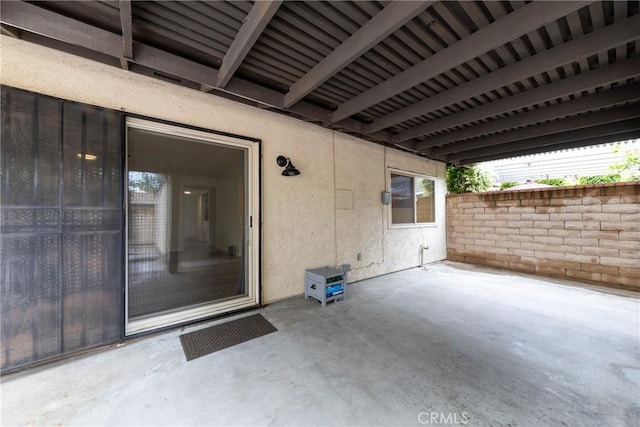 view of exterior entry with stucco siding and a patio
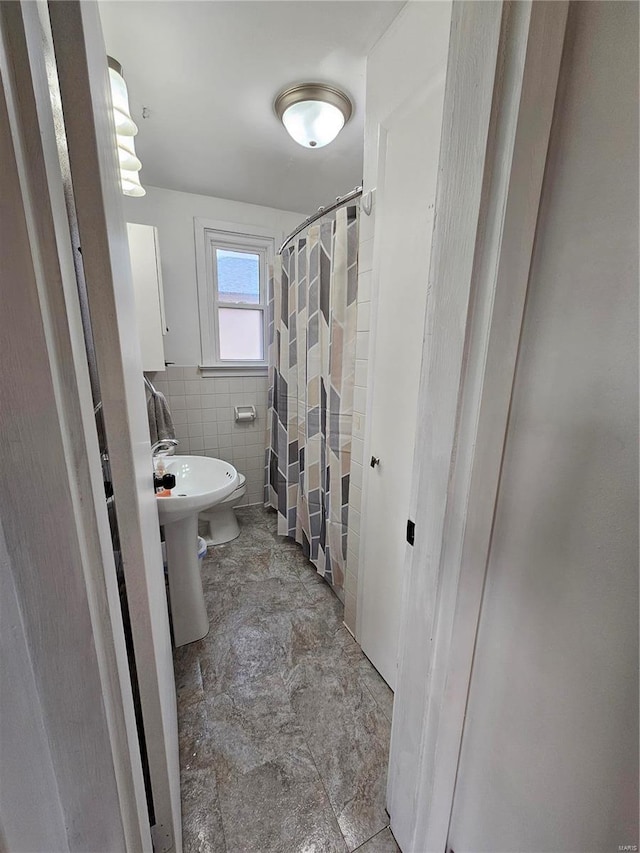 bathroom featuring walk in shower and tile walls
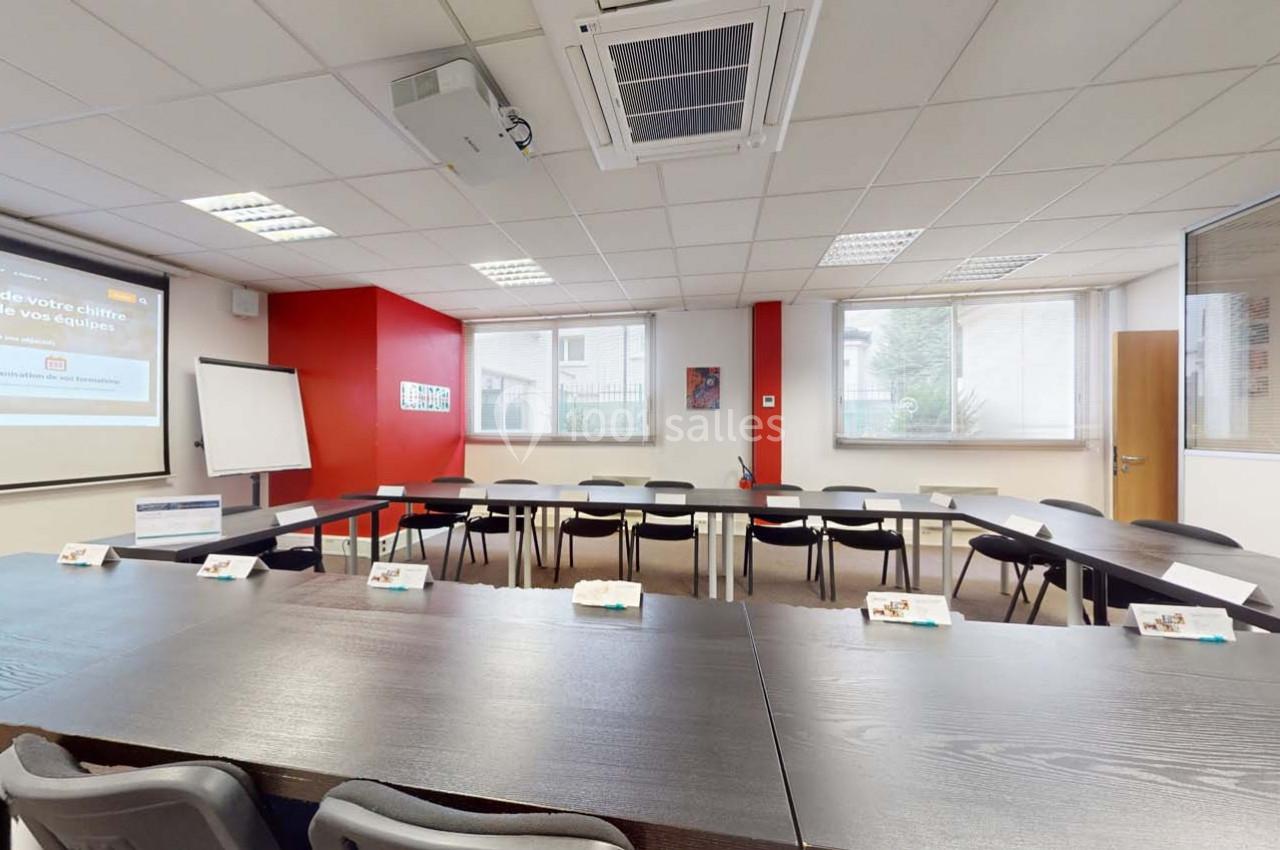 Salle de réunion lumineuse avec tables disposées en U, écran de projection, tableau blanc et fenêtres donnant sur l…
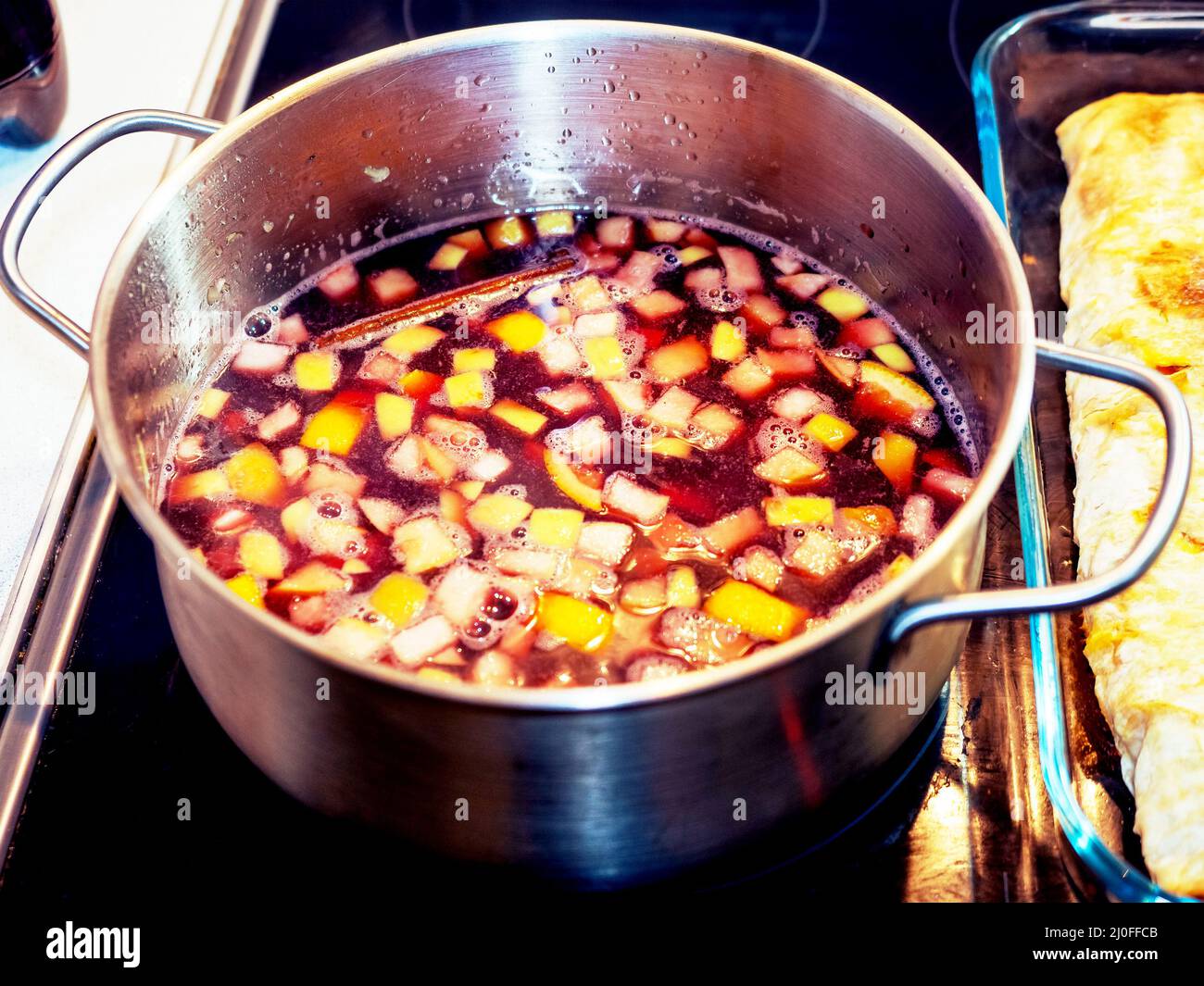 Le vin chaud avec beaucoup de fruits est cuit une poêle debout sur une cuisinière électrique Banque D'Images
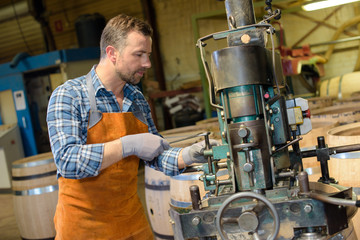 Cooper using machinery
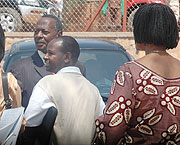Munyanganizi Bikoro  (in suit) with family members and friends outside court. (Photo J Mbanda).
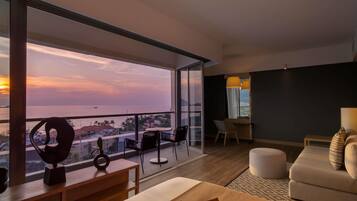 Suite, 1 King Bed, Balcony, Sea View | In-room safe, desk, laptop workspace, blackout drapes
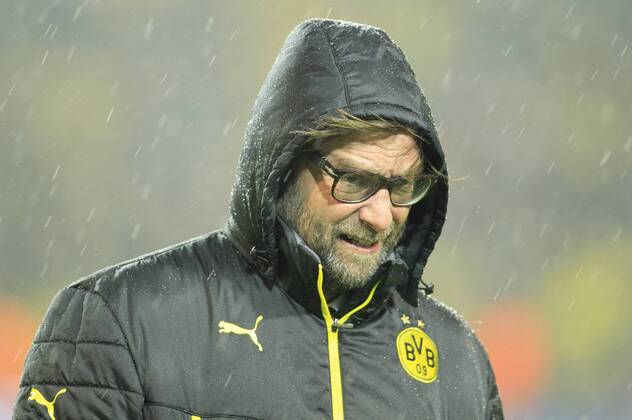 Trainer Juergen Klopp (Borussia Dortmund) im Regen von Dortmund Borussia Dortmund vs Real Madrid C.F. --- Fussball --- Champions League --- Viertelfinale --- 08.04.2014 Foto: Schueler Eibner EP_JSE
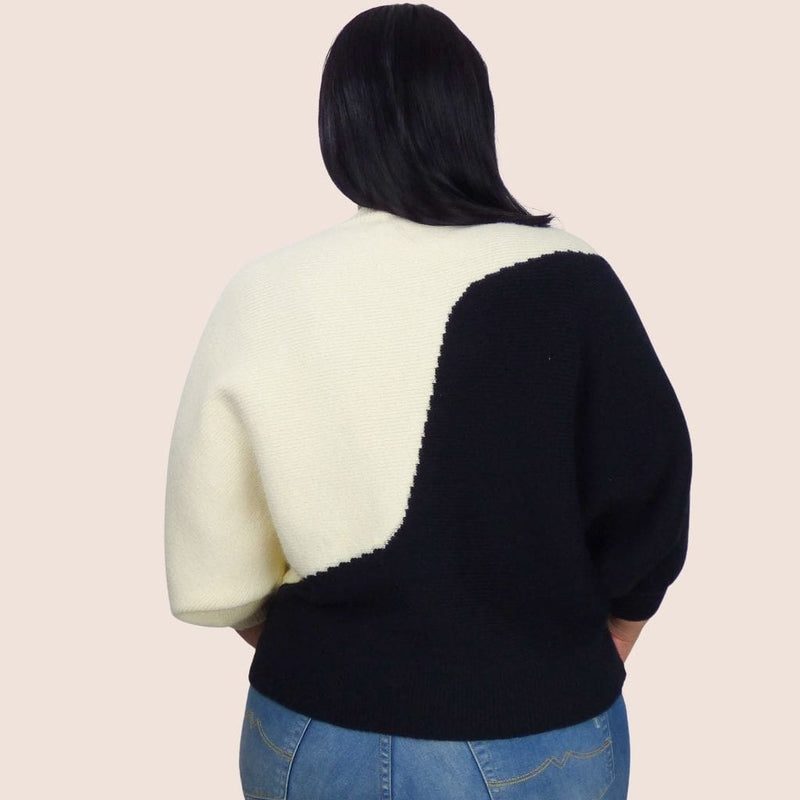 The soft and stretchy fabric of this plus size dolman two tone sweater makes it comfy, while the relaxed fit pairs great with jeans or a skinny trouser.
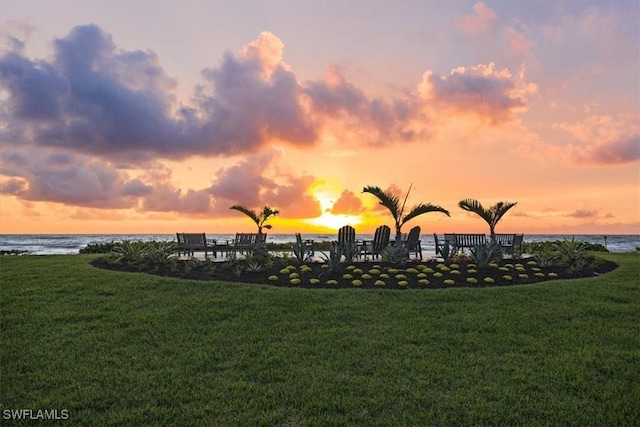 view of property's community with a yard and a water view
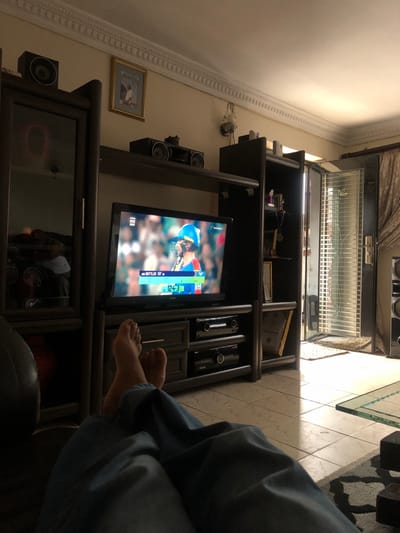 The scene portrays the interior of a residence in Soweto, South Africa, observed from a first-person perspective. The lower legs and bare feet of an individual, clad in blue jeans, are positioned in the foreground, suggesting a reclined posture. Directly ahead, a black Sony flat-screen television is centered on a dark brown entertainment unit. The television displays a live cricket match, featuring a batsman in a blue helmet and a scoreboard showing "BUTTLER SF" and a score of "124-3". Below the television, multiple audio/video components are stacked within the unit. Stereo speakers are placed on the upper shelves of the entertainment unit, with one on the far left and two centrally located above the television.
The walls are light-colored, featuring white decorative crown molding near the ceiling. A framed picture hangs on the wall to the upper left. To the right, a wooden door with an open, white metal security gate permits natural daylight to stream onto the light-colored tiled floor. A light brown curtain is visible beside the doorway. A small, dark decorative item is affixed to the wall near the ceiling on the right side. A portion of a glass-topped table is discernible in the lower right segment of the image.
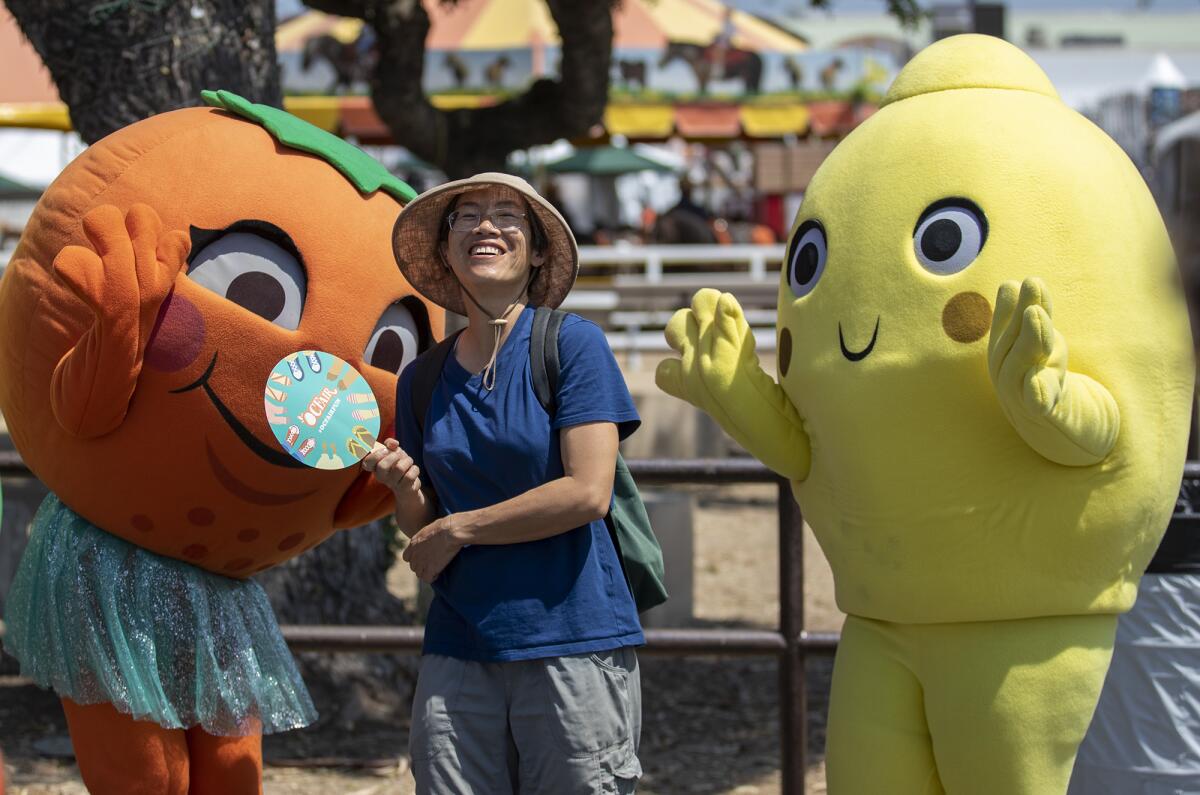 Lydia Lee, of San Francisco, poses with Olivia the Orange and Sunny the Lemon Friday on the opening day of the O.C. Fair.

____________

PROMPT
Only one stretch of the data is wanted: write out exactly the lines from the one holding "Le vin chaud" through the one holding "view of property's", both included, without the pictures.

FINISHED TASK
 Le vin chaud avec beaucoup de fruits est cuit une poêle debout sur une cuisinière électrique Banque D'Images
 Cooper using machinery
Munyanganizi Bikoro  (in suit) with family members and friends outside court. (Photo J Mbanda).
 Suite, 1 King Bed, Balcony, Sea View | In-room safe, desk, laptop workspace, blackout drapes
 Trainer Juergen Klopp (Borussia Dortmund) im Regen von Dortmund Borussia Dortmund vs Real Madrid C.F. --- Fussball --- Champions League --- Viertelfinale --- 08.04.2014 Foto: Schueler Eibner EP_JSE
 The soft and stretchy fabric of this plus size dolman two tone sweater makes it comfy, while the relaxed fit pairs great with jeans or a skinny trouser.
 view of property's community with a yard and a water view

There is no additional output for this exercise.